PROBLEM:
Within this material, find every line where the string "wall" appears, and copy it out.

[TASK MATERIAL Boundary: Start]

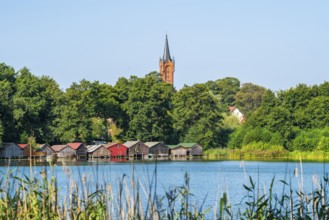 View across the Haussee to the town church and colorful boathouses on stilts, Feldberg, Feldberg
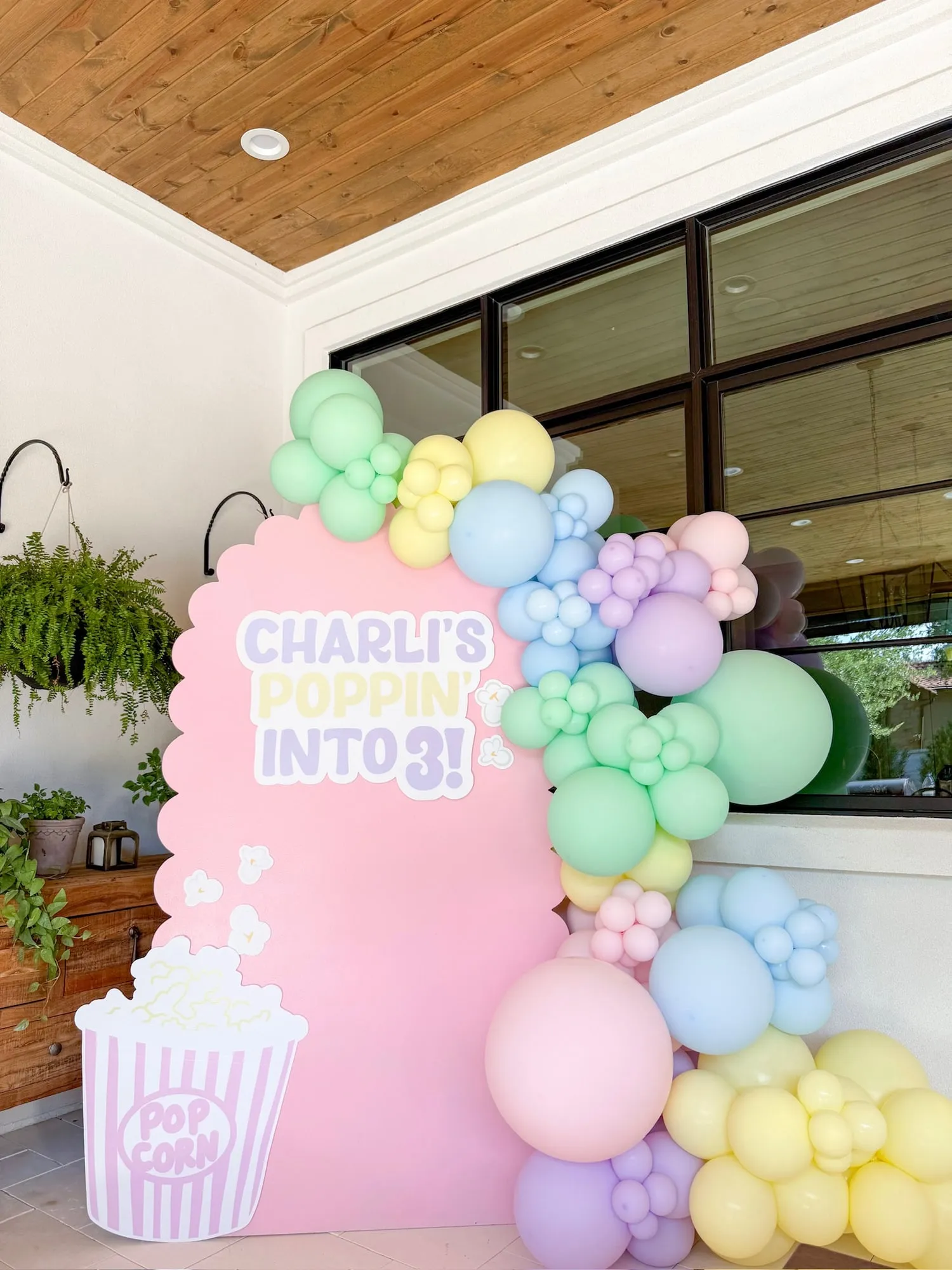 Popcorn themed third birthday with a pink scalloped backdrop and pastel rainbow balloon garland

[TASK MATERIAL Boundary: End]
[TASK MATERIAL Boundary: Start]

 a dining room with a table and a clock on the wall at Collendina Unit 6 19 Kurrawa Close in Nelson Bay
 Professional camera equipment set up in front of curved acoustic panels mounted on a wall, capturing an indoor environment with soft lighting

[TASK MATERIAL Boundary: End]

RESPONSE TO THE TASK:
 a dining room with a table and a clock on the wall at Collendina Unit 6 19 Kurrawa Close in Nelson Bay
 Professional camera equipment set up in front of curved acoustic panels mounted on a wall, capturing an indoor environment with soft lighting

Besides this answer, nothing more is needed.